If you had to pick a running back to be on the lookout for in this Super Bowl encounter, it has to be KC’s Clyde Edwards-Helaire. The Chiefs have given Edwards-Helaire limited opportunities as he’s been dealing with an injury for the past month or so, but is planning on being a full participant in Sunday’s Super Bowl. 

While not the best runner in between the tackles, Helaire possesses an incredible ability to find open space for the passing game, and is one of the best route-running RBs in the sport. He has the potential to stretch a Tampa Bay defense that loves to crowd in tight and try to give quarterbacks a tough time.

The Chiefs could have a plan to pass to Edwards-Helaire in the flat, or out wide closer to the out of bounds lines, and keep pressure away from Patrick Mahomes, who’s been dealing with a nagging foot injury throughout the playoffs and might not be as agile as usual.

For Tampa Bay, you’d almost imagine that Tom Brady’s pal and longtime tight end target Rob Gronkowski makes a reemergence in the Buccaneers offense, after largely being used as a decoy throughout the playoffs. Gronk has just 43 yards receiving in the playoffs so far.

But if history is an indicator, there’s holes in the Kansas City defense that Rob Gronkowski and Tom Brady can and have exploited in the past. Just in November, Gronkowski had his best game as a Tampa Bay Buccaneer against these very Kansas City Chiefs. Gronk caught six passes for 106 yards, including one 48 yard bomb. 

Most importantly, this game will be a great test of defenses that have managed to hold other high scoring offenses at bay in the weeks leading up to the Super Bowl.
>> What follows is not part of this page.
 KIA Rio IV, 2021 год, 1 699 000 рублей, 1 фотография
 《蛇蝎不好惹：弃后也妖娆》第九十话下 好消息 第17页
Tampa Bay managed to contain Aaron Rodgers and a very dynamic Packers offense at bay long enough to pull out a victory in the NFC Championship game.

The Chiefs defense made almost easy work of the Bills offense, which many thought had the power to overtake an occasionally less than stellar Chiefs secondary. Josh Allen and Stefon Diggs were neutralized, and despite leading 9-0 to start the game, never made much of a challenge down the stretch.

It’s hard to truly judge how this game plays out, but I think you can look at a history of how the Chiefs have played this season and get a grasp of the way the games play out when they are expected to win, as Vegas believes they will. KC is favored to win by three points at most major sportsbooks. 

The Chiefs have a tendency to let teams back into games, but still win. They did as much in their playoff game against the Cleveland Browns, but in fairness, they were without Patrick Mahomes for the final third of that game. 

In the previous war of attrition, Kansas City was favored by five points, and was up by 17 with a quarter remaining. Tampa scored twice, but the Bucs comeback fell just short, and KC won 27-24. 

I see this game befalling a similar fate, with Kansas City building a lead, and Tampa Bay coming back late, but falling short.